*What to do*: A precise repetition of every line below is the required answer.

[Crawled caption data]
........

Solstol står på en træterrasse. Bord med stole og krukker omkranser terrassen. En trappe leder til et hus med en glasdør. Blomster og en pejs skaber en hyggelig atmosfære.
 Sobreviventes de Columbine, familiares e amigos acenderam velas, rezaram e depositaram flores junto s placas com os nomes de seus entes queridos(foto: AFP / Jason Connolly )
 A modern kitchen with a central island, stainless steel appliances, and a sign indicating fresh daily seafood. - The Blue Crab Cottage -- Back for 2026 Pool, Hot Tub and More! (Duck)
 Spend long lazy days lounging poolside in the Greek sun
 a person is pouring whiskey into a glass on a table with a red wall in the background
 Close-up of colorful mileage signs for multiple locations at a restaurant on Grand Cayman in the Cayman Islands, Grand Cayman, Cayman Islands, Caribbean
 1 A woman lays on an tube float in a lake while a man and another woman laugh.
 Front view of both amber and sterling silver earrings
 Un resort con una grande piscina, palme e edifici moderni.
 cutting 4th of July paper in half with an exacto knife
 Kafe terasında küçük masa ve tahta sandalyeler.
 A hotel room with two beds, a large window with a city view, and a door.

........

*Reply to the exercise*:
Solstol står på en træterrasse. Bord med stole og krukker omkranser terrassen. En trappe leder til et hus med en glasdør. Blomster og en pejs skaber en hyggelig atmosfære.
 Sobreviventes de Columbine, familiares e amigos acenderam velas, rezaram e depositaram flores junto s placas com os nomes de seus entes queridos(foto: AFP / Jason Connolly )
 A modern kitchen with a central island, stainless steel appliances, and a sign indicating fresh daily seafood. - The Blue Crab Cottage -- Back for 2026 Pool, Hot Tub and More! (Duck)
 Spend long lazy days lounging poolside in the Greek sun
 a person is pouring whiskey into a glass on a table with a red wall in the background
 Close-up of colorful mileage signs for multiple locations at a restaurant on Grand Cayman in the Cayman Islands, Grand Cayman, Cayman Islands, Caribbean
 1 A woman lays on an tube float in a lake while a man and another woman laugh.
 Front view of both amber and sterling silver earrings
 Un resort con una grande piscina, palme e edifici moderni.
 cutting 4th of July paper in half with an exacto knife
 Kafe terasında küçük masa ve tahta sandalyeler.
 A hotel room with two beds, a large window with a city view, and a door.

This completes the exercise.